Confirmed with Link: Fletcher out as GM (contract not renewed)

Status
Not open for further replies.

nickschultzfan

Registered User
Jan 7, 2009
11,558
908
I don't feel like I'm going out on a limb by saying that losing Granlund or Dumba would have been worse than losing Haula, Tuch and, eventually, Scandella. The subsequent summer moves may have played out more favorably, but I don't think it would have been favorable enough to justify losing either of those guys to expansion.
I think you have to factor in the Cap as well. Wild would have $3 million extra cap space by losing Granlund.
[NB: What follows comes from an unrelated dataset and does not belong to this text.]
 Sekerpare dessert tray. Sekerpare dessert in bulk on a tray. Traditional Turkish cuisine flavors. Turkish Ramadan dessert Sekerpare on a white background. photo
And could have kept Scandella and Pominville, who we could have bought out this summer.

Granlund + Cullen = 6.75 million
Haula + Tuch = 3.675 million
 

Bazeek

Registered Lurker
Sponsor
Jul 26, 2011
17,892
11,263
Exiled in Madison
I think you have to factor in the Cap as well. Wild would have $3 million extra cap space by losing Granlund. And could have kept Scandella and Pominville, who we could have bought out this summer.

Granlund + Cullen = 6.75 million
Haula + Tuch = 3.675 million
Losing Granlund (or Nino) probably would have allowed us to hang onto Scandella and Pominville. I think a trade still would have happened eventually, because we'd be carrying a lot of defense after losing a crucial forward, but maybe the extra room would have given us more options there.

I still like it less than the scenario we actually ended up with though, as bad as it is.
 

Wabit

Registered User
May 23, 2016
19,394
4,445
Vegas acquired Clayton Stoner, Teemu Pulkkinen and Reid Duke (!) for nothing before ripping off Minnesota because Fletch thought Charlie Coyle is a better player than Alex Tuch. Or, more likely, couldn't stomach the idea of giving up Coyle thanks to pride.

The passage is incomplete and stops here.